Most articles on this theme are written in the year of 2015.Few(if not none) in this year(2017).Seems much has been changed since then.
Here is the main steps.
- Download and install Hbase 0.98.8-hadoop2,and start it.
- Download nutch 2.3.1 source and build with Hbase store
- Download solr 6.6.0 and create a core named nutch.Using the schema file provided in nutch installation file.(Some modification needed,See below),and start it.

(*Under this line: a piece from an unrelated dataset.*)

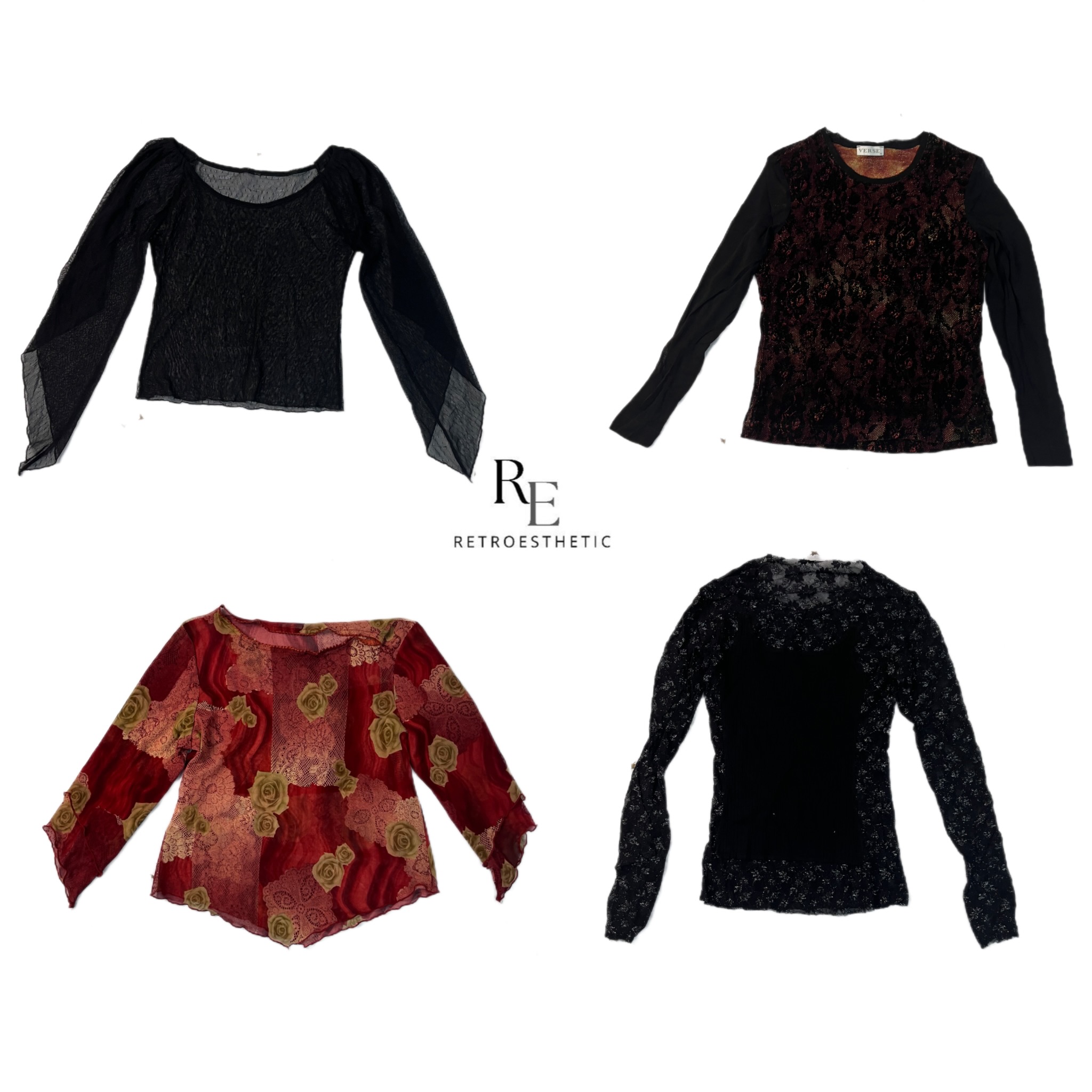 Y2K Romentic Vibe Full Sleeves Tops RE-2390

Besides the editing suggested by the stackoverflow thread in Reference 1,deletion of the “defaultSearchField” and “defaultOperator” line in the schema.xml is also needed(These are not supported anymore in lucene 6.6.0). - Crawl starting some seed urls using the following command
bin/crawl /opt/apache-nutch-2.3.1/urls/seed.txt TestCrawl http://localhost:8983/solr/nutch 2
Note:The Nutch 2.X Tutorial(Reference 2) is also a bit outdated,and is ending with the invalid “nutch readdb”(samples of valid command :nutch readdb -crawId TestCrawl -url http://nutch.apache.org/ or nutch readdb -crawId TestCrawl -stats) command,without any crawling!
References:
- https://stackoverflow.com/questions/38525848/solr-6-and-nutch-2-3-1-integration
- https://wiki.apache.org/nutch/Nutch2Tutorial